▶ AIM OF THE EXERCISE
Repeat only the lines below from the one containing "дітей на відпочинку" through the one containing "除了外观黑化，它的智能驾驶辅", inclusive, exactly as written.

▶ EXTRACTED DATA
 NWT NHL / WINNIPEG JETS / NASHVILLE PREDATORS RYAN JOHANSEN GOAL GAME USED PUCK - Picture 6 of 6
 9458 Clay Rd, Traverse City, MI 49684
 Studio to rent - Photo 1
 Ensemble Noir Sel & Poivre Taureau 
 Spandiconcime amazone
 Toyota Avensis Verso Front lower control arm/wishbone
* * *
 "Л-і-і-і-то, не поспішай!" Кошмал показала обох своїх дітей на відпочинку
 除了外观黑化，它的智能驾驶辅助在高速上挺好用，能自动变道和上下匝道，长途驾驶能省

▶ OUTPUT FOR THIS EXERCISE
 "Л-і-і-і-то, не поспішай!" Кошмал показала обох своїх дітей на відпочинку
 除了外观黑化，它的智能驾驶辅助在高速上挺好用，能自动变道和上下匝道，长途驾驶能省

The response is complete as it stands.